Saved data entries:

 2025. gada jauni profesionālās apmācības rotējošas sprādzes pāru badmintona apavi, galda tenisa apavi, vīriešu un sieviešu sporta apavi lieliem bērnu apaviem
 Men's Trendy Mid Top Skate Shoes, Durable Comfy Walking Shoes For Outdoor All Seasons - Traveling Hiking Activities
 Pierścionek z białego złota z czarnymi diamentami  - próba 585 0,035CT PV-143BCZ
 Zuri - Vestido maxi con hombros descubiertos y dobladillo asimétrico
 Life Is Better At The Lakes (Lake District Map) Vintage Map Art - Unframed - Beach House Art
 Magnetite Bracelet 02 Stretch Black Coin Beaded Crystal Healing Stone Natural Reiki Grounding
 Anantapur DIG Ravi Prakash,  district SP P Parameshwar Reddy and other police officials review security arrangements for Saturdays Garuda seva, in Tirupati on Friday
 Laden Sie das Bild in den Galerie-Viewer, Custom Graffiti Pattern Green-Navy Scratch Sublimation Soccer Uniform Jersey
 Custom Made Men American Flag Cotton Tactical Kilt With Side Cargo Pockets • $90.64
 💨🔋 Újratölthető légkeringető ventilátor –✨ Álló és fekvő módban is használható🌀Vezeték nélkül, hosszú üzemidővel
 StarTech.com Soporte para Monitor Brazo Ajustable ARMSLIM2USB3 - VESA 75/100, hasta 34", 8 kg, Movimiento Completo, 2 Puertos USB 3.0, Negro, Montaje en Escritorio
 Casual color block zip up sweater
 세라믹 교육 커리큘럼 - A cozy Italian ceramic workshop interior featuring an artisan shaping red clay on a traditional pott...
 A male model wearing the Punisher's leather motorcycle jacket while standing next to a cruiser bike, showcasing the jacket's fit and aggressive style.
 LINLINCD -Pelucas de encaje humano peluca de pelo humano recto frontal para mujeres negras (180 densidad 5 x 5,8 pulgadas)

ASSIGNED TASK
In the records above, find each line with the word "Custom" and copy it.

OUTPUT OF THE TASK
 Laden Sie das Bild in den Galerie-Viewer, Custom Graffiti Pattern Green-Navy Scratch Sublimation Soccer Uniform Jersey
 Custom Made Men American Flag Cotton Tactical Kilt With Side Cargo Pockets • $90.64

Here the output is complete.